Informal portrait of the Colenso family of Kingsford, NSW. All four brothers, Ray, Frank, Ted and William, enlisted on 1 July 1940 in 2/18 Battalion. They are pictured with their parents, William and Winifred Colenso.

The Colenso family’s lives have been shaped by war. “The whole thing has been etched into our DNA,” said Bill Colenso, whose father was one of four brothers who enlisted together during the Second World War.

“There was a big photo of the four boys above the mantelpiece my whole life, and there were always photos of my dad. It’s been burnt into our brains; we’ve been brought up with it.”

Bill’s father, William (also known as Bill), was the eldest of the four Colenso brothers — William, 30, Frank, 28, Ted, 26, and Ray, 20 — who enlisted together to look after one another.

Bill was born after the brothers sailed for Singapore and never met his father.

His father and Ray were killed within days of one another as Singapore fell to the Japanese. Their stories were told in two Last Post Ceremonies at the Australian War Memorial in Canberra.

The Colenso family attend a Last Post Ceremony at the Memorial

Members of the Colenso family at a Last Post Ceremony at the Memorial.

But the Colenso family’s story begins more than two decades earlier with their father William Sr and the outbreak of the First World War. It was a throwaway line overheard by his wife, Winifred, in line at a grocery store in the eastern suburbs of Sydney that led to the family’s involvement in two world wars.

“She heard two ladies talking about how her husband had resigned from the NSW Irish Rifles,” said Bill’s cousin, Dianne Mullin, whose father Frank was the second eldest of the Colenso brothers.

“They said he must have been scared to go to war. She went straight home and told William he had to enlist because she wasn’t going to hear anyone calling her husband a coward.”

William Sr joined the 18th Infantry Battalion in October 1916 and was sent to England where he remained until he was medically discharged in 1918, never seeing active service.

But the family wasn’t spared from tragedy.

Winifred’s brother, William Moloney, was wounded on the Western Front in 1917 and died in a French military hospital.

Her other brother, Edward, returned from the war, but was severely wounded, and remained an invalid for the rest of his life.

Frank and Ray Colenso

So when her 19-year-old son Ray first came to her with enlistment documents during the Second World War, she refused.

“Ray was only 20 when he enlisted,” Dianne said. “He couldn’t go until he was 21 without his parents’ permission, so the brothers decided they wouldn’t go to war until they could all go together, and she said, ‘I’m not signing the papers.’

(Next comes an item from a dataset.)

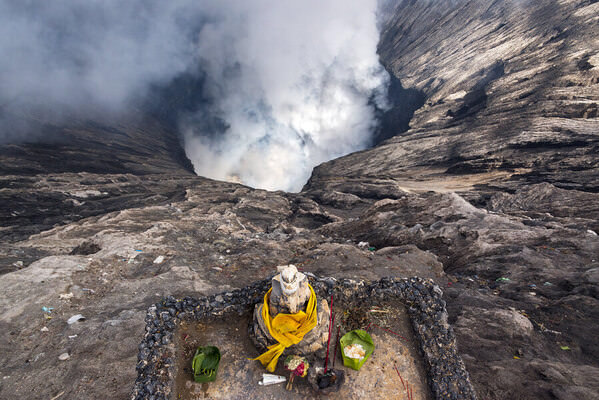 Photograph Ales Tvrdy Edge Of Volcano on One Eyeland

“They said, ‘It’ll be over by Christmas,’ and she said, ‘I’ve heard that before.’ She’d had one brother killed at Fromelles, and the other one came home gassed and couldn’t breathe properly for the rest of his life.

“But they pestered and pestered and pestered her, and finally, when he turned 20, she let him go, and Ray celebrated his 21st birthday over there.”

The four brothers enlisted together on 15 June 1940 and were assigned consecutive service numbers. Their younger brother, Les, was too young to enlist.

“Ray was the one who wanted to be a soldier,” Bill said. “The others went to look after him; it was one in, all in, as far as enlisting, and they all stuck together. They were like peas in a pod.”

The four Colenso brothers, William, Frank, Ted and Ray, enlisted together and were given consecutive service numbers.

The four Colenso brothers, William, Frank, Ted and Ray, enlisted together and were given consecutive service numbers. Their youngest brother Les was too young to enlist.

The brothers joined the 2/18th Battalion together, following in their father’s footsteps.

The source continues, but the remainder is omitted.